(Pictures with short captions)
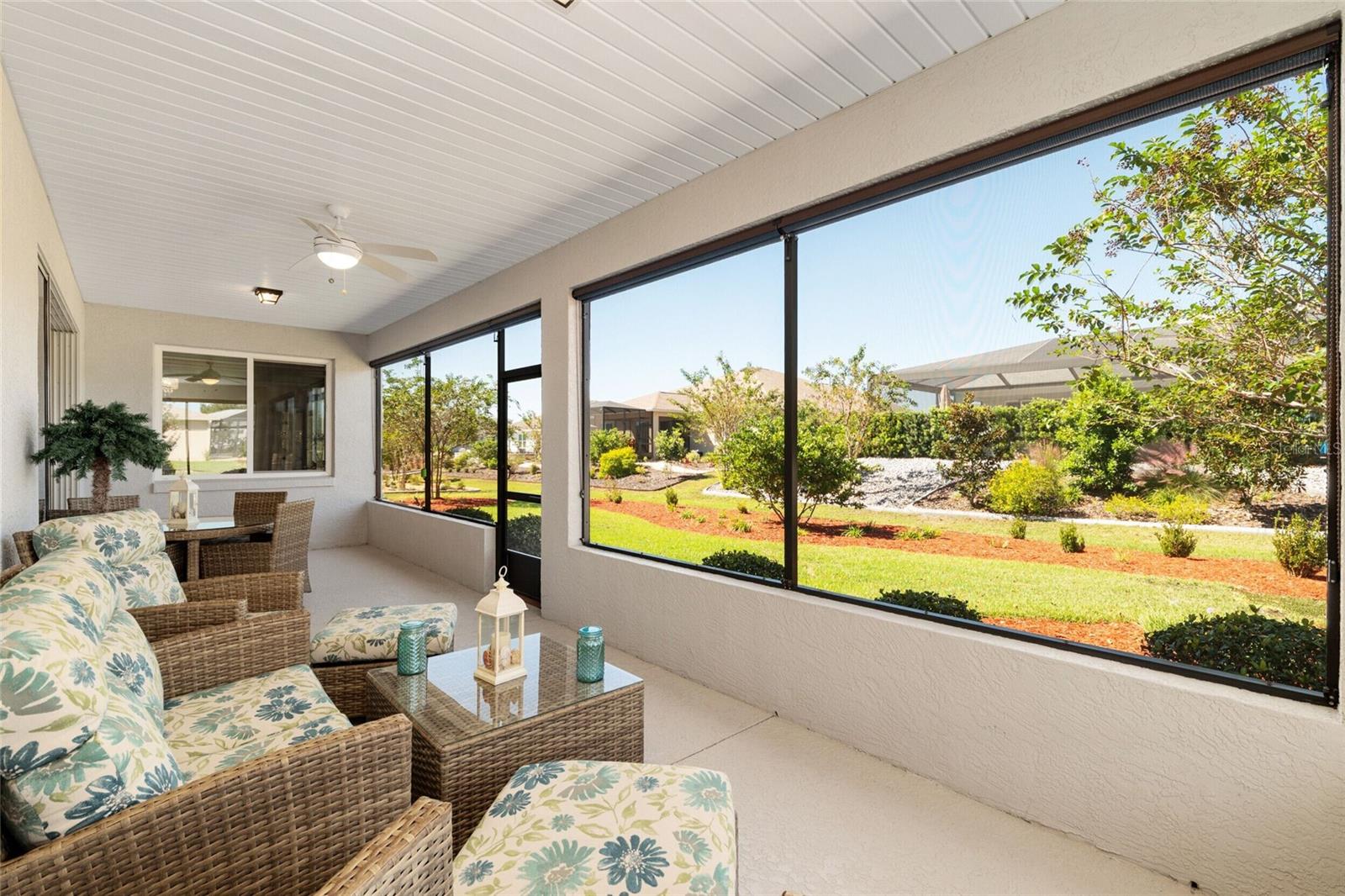 Image 47 of 56 For 8414 90th Court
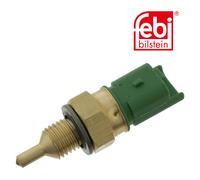Capteur De Température Du Liquide De Refroidissement Febi 26318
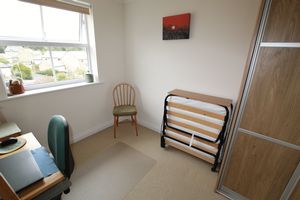 Bedroom Four- click for photo gallery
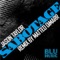 Sabotage - Jason Taylor lyrics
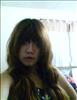 Thailand Talent - MC, Pretty, Singers, Dancers, Promotion Girls, Modeling, Recruitment Agency For The Entertainment Industry Bangkok - www.thailandtalent.com?mummime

-- Task description --
Starting at the line that contains "Sabotage - Jason Taylor lyrics", reproduce each line exactly through the end of the entries above, leaving every picture out.

-- Expected output --
 Sabotage - Jason Taylor lyrics
 Thailand Talent - MC, Pretty, Singers, Dancers, Promotion Girls, Modeling, Recruitment Agency For The Entertainment Industry Bangkok - www.thailandtalent.com?mummime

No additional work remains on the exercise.